Nova by Samuel R. Delany–Reading Science Fiction in 1968 and 2014

Rereading a novel I loved reading almost a half-century ago is an interesting experience.  Nova by Samuel R. Delany was a novel that dazzled my teenage self in 1968, but has lost its sense of wonder for my older self in 2014.  I’d be awful curious to know how 17-year-olds today reading Nova feel about the book.  Is the magic being 17, or 1968?  Delany was only 25 when he completed Nova, so he was much closer to my age than than Robert A. Heinlein, my favorite science fiction writer at the time.   Heinlein was 44 years older than me, so Delany was an exciting young writer that spoke to my generation.  Delany was the same generation as The Beatles, the generation before the Baby Boomers, and the generation we grew up admiring, the one that made the 1960s.  Nova in 1968 was to science fiction what The Jefferson Airplane was to the Frank Sinatra and Judy Garland generation at the time.  It rocked.

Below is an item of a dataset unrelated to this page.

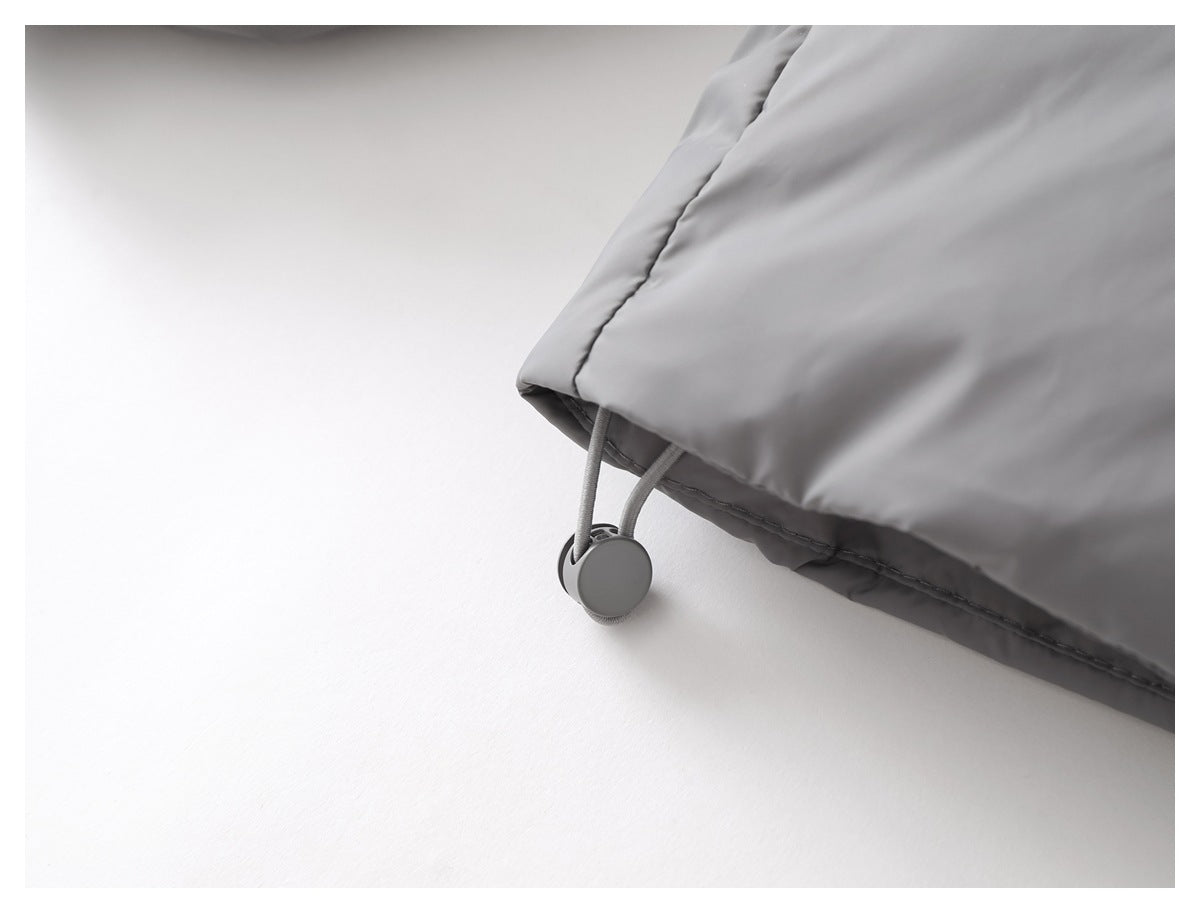 Close-up of a gray jacket hem with an elastic drawcord and round adjustment toggle.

It’s very hard to separate my memories of Nova from the times when I first read it, the 1960s.  Nova came out around the time of The White Album by The Beatles, Crown of Creation by the Jefferson Airplane, Wheels on Fire by Cream and Electric Ladyland by Jimi Hendrix.  So that music is what I listened to when I first read Nova.  This was also around the time I went to see Apollo 8 launch at Cape Kennedy in December of 1968.  I was in the 12th grade and I was very excited about the future, but worried about things like the Vietnam war, the generation gap, race relations and looming overpopulation.  Both Bobby Kennedy and Martin Luther King, Jr. had been assassinated in 1968.  To make matters worse, the Chicago Democratic Convention happened that summer and society seemed to be in chaos. 

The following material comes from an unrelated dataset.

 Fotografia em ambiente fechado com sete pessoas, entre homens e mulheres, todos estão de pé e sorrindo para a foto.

To say the country was divided is a vast understatement.  Even the world of science fiction was split into the Old Guard and New Wave, with lots of flaming rhetoric spewing between the two.

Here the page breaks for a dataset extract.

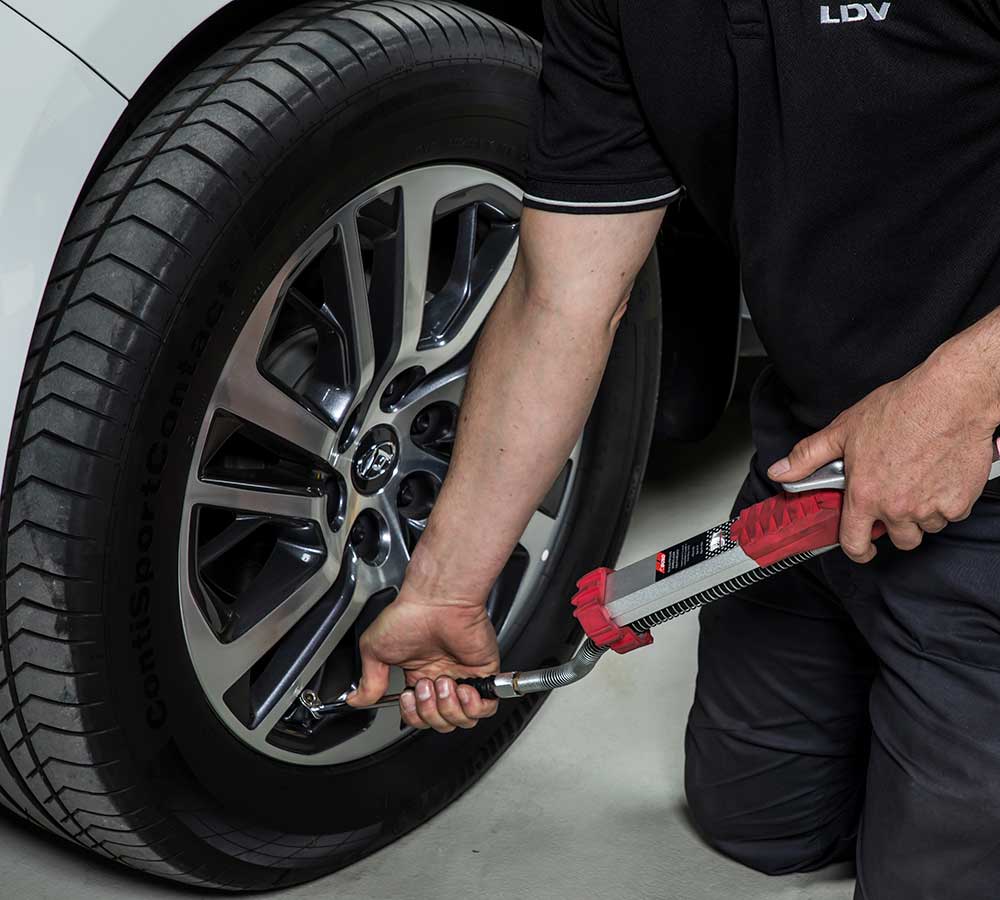 A LDV service technician pumping up the tyre pressure on a LDV vehicle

Set in the year 3172, the galaxy is divided into the Earth controlled Draco Federation, and the younger rebellious Pleiades Federation.  Nova is about a mad power quest by Lorq Von Ray of the Pleiades to control the market in Illyrion, a heavy element of Delany’s invention that powers space travel and intergalactic commerce.  It’s extremely rare.  Von Ray learns that Illyrion is produced in abundance in the heart of a star and gathers a motley crew to fly through a nova as it happens.  Von Ray and his rich family is hated by Prince Red and his sister Ruby, the heirs of an opposing wealthy family who also want to control the supply of Illyrion.

This is 1940s Planet Stories space opera, but with 1960s counter-culture swagger. Nova is colorful, epic and full of super-science sense of wonder in a New Age Science Fiction novel.  When I read Nova in 1968 it was tremendously exciting.   I wanted it to be a map of the future.  Like most of Delany’s stories from the 1960s, it features a young wanderer, The Mouse, who plays an exotic musical instrument, a sensory syrynx, and an intellectual vagabond Katin Crawford who is writing a novel.  Back then Delany often had characters writing novels and poetry inside a novel so he could comment on the meta-fiction nature of things, as well as explain the psychohistory on such things as Tarot cards.

The story has a good deal of backstory before getting down to the real mission of flying into a nova to set up the rivalry between the Von Rays and Reds, and explain the backgrounds of Mouse and Katin.  The trouble is the story has more color than plot, and the older me wasn’t as dazzled by the adventure.  All the characters are cyborgs that fly the ship by jacking into sensors that sail the starship on fictional interstellar energy currents.  The 17 year-old-me hoped we’d eventually discover such magical properties of outer space that would allow people like me to travel between the stars like we fly between cities now.  My 62 year-old-self knows all this is make-believe Santa Clausing.  The story is still readable, but it’s gone from an exciting science fiction tale to a colorful fantasy fiction.  My younger self should have known better, but I was awful hopeful about the Final Frontier in 1968.  And I was bedazzled by hippie dreams.

Interstellar space is so much more real to me now, with it’s extremes of temperatures, varieties of lethal radiations, and most importantly, its brutally vast distances.  Science fiction sorely needs to rethink how we’re going to explore the galaxy.  Nova’s kind of scientific speculation is as practical as building giant canons to send people to the Moon.  I don’t blame Delany for how things have changed, because Nova makes an exemplary example of 1960s science fiction.  The science of Nova is quickly becoming as quaint as the science of The Skylark of Space, so such stories reflect how we used to dream of living in a very different universe.